● **Exercise**
As soon as the line containing "プラウドタワー名古屋栄2501" appears in the material below, start returning lines exactly, and end with the line containing "รูปภาพ โกลเด้น วิลเลจ".

● **Data supplied**
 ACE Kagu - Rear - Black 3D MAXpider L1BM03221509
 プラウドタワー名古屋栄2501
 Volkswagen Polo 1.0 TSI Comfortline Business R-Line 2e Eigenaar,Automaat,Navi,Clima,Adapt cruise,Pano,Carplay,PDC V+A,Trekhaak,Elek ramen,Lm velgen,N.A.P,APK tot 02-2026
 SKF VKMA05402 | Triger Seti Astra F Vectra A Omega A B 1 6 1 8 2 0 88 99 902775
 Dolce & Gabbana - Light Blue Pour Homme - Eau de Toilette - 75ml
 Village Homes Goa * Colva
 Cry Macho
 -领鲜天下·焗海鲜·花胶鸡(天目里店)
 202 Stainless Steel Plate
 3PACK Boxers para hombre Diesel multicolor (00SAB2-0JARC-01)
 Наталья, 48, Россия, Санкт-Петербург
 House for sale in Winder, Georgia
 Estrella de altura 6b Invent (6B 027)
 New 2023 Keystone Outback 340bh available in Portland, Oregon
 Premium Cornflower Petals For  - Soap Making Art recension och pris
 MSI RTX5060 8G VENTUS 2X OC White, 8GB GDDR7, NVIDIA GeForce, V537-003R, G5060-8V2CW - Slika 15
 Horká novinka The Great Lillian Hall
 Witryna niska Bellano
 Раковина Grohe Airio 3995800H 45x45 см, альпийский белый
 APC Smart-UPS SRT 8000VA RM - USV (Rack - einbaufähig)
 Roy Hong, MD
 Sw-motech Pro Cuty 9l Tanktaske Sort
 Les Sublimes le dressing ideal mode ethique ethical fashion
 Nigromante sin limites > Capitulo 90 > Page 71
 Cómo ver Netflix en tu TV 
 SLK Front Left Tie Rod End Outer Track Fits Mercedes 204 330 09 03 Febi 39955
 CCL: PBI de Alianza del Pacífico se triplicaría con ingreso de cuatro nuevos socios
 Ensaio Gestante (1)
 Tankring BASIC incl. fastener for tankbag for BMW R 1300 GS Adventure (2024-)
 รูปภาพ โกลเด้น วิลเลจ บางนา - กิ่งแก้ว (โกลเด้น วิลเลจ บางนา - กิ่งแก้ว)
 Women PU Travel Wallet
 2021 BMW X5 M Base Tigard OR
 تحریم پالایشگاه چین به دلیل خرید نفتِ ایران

● **Answer area**
 プラウドタワー名古屋栄2501
 Volkswagen Polo 1.0 TSI Comfortline Business R-Line 2e Eigenaar,Automaat,Navi,Clima,Adapt cruise,Pano,Carplay,PDC V+A,Trekhaak,Elek ramen,Lm velgen,N.A.P,APK tot 02-2026
 SKF VKMA05402 | Triger Seti Astra F Vectra A Omega A B 1 6 1 8 2 0 88 99 902775
 Dolce & Gabbana - Light Blue Pour Homme - Eau de Toilette - 75ml
 Village Homes Goa * Colva
 Cry Macho
 -领鲜天下·焗海鲜·花胶鸡(天目里店)
 202 Stainless Steel Plate
 3PACK Boxers para hombre Diesel multicolor (00SAB2-0JARC-01)
 Наталья, 48, Россия, Санкт-Петербург
 House for sale in Winder, Georgia
 Estrella de altura 6b Invent (6B 027)
 New 2023 Keystone Outback 340bh available in Portland, Oregon
 Premium Cornflower Petals For  - Soap Making Art recension och pris
 MSI RTX5060 8G VENTUS 2X OC White, 8GB GDDR7, NVIDIA GeForce, V537-003R, G5060-8V2CW - Slika 15
 Horká novinka The Great Lillian Hall
 Witryna niska Bellano
 Раковина Grohe Airio 3995800H 45x45 см, альпийский белый
 APC Smart-UPS SRT 8000VA RM - USV (Rack - einbaufähig)
 Roy Hong, MD
 Sw-motech Pro Cuty 9l Tanktaske Sort
 Les Sublimes le dressing ideal mode ethique ethical fashion
 Nigromante sin limites > Capitulo 90 > Page 71
 Cómo ver Netflix en tu TV 
 SLK Front Left Tie Rod End Outer Track Fits Mercedes 204 330 09 03 Febi 39955
 CCL: PBI de Alianza del Pacífico se triplicaría con ingreso de cuatro nuevos socios
 Ensaio Gestante (1)
 Tankring BASIC incl. fastener for tankbag for BMW R 1300 GS Adventure (2024-)
 รูปภาพ โกลเด้น วิลเลจ บางนา - กิ่งแก้ว (โกลเด้น วิลเลจ บางนา - กิ่งแก้ว)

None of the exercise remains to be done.